__Required work__
Copy each line of the records exactly, stopping only after the line that contains "That's me, Stephen" has been written, and leave pictures out.

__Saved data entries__
________

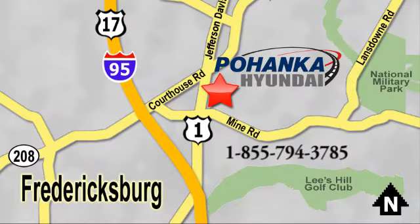Great service, great selection, and low prices. That's why Pohenka Hyundai of Fredericksburg is a great place to buy a car. Visit today, located on Route 1 in Fredericksburg, Virginia.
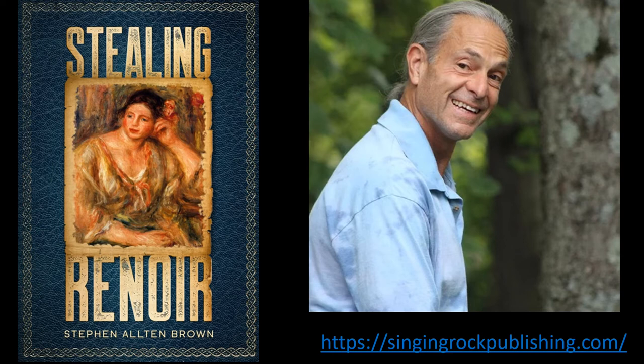That's me, Stephen Alton Brown. That's a link to my website where you can read the entire first chapter for free. All of my books are rated G.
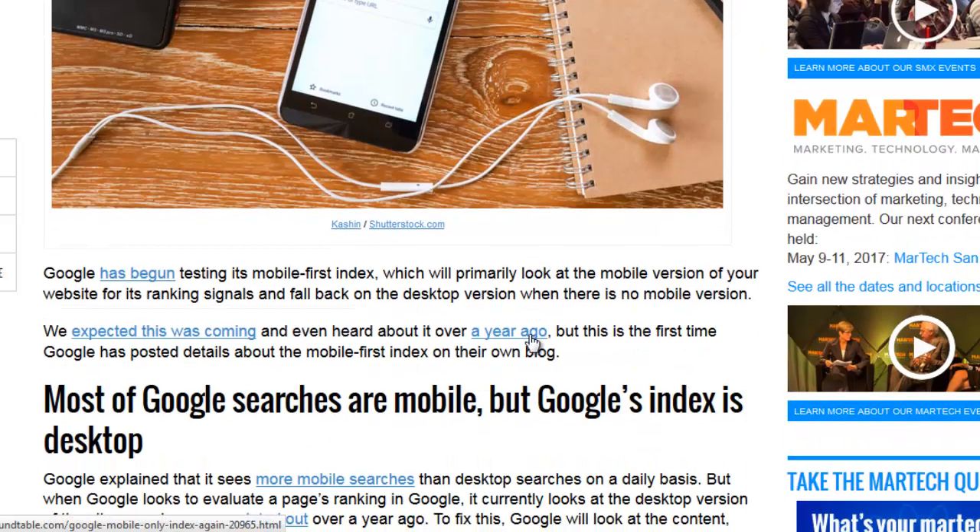Basically our rankings are going to be based on what we show on mobile devices. Now if you have responsive designs there's nothing to worry about really, apart from checking your website to make sure everything looks fine. But if you're serving some content to a mobile device and different content to a desktop device, just be warned that it's going to be your mobile listing that's used for ranking inside of Google.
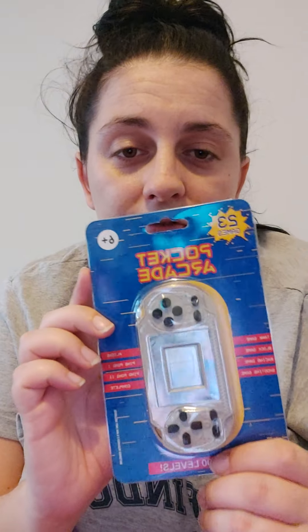That's all the stocking fillers for my three-year-old and my partner's seven-year-old. I hope this helps give someone some ideas. Thanks for watching and I hope you enjoyed it — bye!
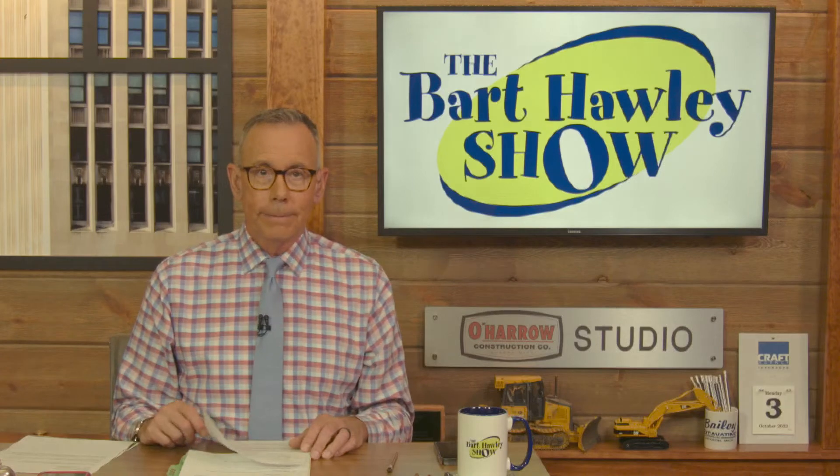Executive Director of Lost Railway Museum, Kim Conant. Hi, Kim. Hey, Bart. It's great to be back. Good to see you. Yeah, welcome back.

________

__Response to the task__
Great service, great selection, and low prices. That's why Pohenka Hyundai of Fredericksburg is a great place to buy a car. Visit today, located on Route 1 in Fredericksburg, Virginia.
That's me, Stephen Alton Brown. That's a link to my website where you can read the entire first chapter for free. All of my books are rated G.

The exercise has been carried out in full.